A Associação Nacional dos Procuradores da República (ANPR) emitiu, nesta sexta-feira (28), nota técnica relativa às alterações propostas na legislação sobre regularização fundiária pelos PLs 2633/2020, da Câmara dos Deputados, e 510/2021, do Senado. O PL 2633/2020 resulta de uma tentativa de atenuar as normas incorporadas pela MP 910/2019, conhecida como MP da Grilagem, que perdeu a validade, ao passo que o PL 510/2021 resgata boa parte dos dispositivos da medida.
Em linhas gerais, as propostas flexibilizam procedimentos para a titulação de terras por meio da autodeclaração e dispensam a exigência de vistoria para a regularização dessas áreas. No caso do PL 510/2021, foi prevista a alteração do marco temporal para a regularização de ocupação em terra pública, a ampliação dos requisitos para a regularização – abrangendo inclusive a pessoa que é proprietária de outro imóvel -, e o estabelecimento de regras ambientais pouco claras acerca do cumprimento de cláusulas resolutivas nos imóveis.
A nota destaca inicialmente que o contexto de pandemia prejudica a regularidade do trâmite legislativo dos projetos de lei e exclui do debate as populações vulneráveis mais afetadas, como trabalhadores rurais e povos e comunidades tradicionais.

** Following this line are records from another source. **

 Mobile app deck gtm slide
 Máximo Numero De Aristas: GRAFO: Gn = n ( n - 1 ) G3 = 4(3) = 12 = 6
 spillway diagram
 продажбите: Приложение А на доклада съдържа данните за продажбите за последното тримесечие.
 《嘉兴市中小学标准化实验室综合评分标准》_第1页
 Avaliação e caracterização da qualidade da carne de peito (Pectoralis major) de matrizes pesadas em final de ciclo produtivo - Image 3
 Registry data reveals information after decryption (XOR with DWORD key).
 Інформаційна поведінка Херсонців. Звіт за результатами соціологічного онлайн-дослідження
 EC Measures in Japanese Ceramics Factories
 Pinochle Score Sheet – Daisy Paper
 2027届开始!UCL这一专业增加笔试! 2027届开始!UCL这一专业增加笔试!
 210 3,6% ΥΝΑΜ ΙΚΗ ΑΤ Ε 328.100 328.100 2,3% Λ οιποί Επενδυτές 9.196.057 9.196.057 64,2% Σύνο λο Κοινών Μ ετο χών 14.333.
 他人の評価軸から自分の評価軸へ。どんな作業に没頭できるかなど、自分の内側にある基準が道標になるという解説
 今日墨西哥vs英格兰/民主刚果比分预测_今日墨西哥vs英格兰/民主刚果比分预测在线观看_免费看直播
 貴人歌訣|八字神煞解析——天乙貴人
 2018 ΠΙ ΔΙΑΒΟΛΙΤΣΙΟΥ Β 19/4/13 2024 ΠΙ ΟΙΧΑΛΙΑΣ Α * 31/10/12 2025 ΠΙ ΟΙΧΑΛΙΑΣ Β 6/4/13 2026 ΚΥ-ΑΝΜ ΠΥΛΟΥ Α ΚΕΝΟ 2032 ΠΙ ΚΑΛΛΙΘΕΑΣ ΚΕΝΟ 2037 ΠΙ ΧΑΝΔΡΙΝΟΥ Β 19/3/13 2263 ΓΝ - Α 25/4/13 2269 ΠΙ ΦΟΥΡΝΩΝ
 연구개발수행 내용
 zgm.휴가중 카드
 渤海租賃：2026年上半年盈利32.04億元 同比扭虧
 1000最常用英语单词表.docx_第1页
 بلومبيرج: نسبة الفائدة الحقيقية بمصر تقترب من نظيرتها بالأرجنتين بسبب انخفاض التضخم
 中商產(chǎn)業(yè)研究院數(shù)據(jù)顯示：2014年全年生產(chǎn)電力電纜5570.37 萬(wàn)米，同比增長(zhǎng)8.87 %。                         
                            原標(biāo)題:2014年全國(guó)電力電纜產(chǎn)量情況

Em relação ao conteúdo dos textos, a associação considera há diversos pontos inconstitucionais. Por exemplo, as propostas tratam da regularização fundiária como mera legitimação de quem se autodeclare possuidor, retomando preceitos da MP 910/2019, o que resulta em perda de patrimônio público e na fragilização do Estado como ordenador do processo fundiário. Da mesma forma, desconsideram requisitos estabelecidos em função da política de reforma agrária, demarcação de territórios tradicionais, conservação ambiental, concessões florestais e uso agropecuário.
Além disso, a dispensa de vistoria como regra para regularização de posses e a adoção de conceitos restritivos de infração ambiental e de conflito agrário tendem a viabilizar a titulação de terras com pendências ambientais e alvo de conflitos fundiários, com favorecimento, nessa equação, àqueles com maiore recursos financeiros e de acesso ao Estado. Como resultado, os PLs reforçam a invisibilidade de povos e comunidades tradicionais e de agricultores familiares.
Na prática, caso prevaleçam, essas propostas impactarão direitos cuja defesa é um dever dos membros do Ministério Público Federal e já foi objeto de notas técnicas de órgãos da instituição em outras oportunidades.
A associação defende que, considerando, por exemplo, as preocupações socioambientais em torno da proteção da Amazônia, o debate seja orientado por uma perspectiva de fortalecimento dos mecanismos de proteção do patrimônio público e da destinação constitucional das terras públicas e fortalecimento da ação fiscalizatória do Estado, sob pena de as medidas propostas representarem um estímulo à degradação ambiental e à chancela de práticas ilegais.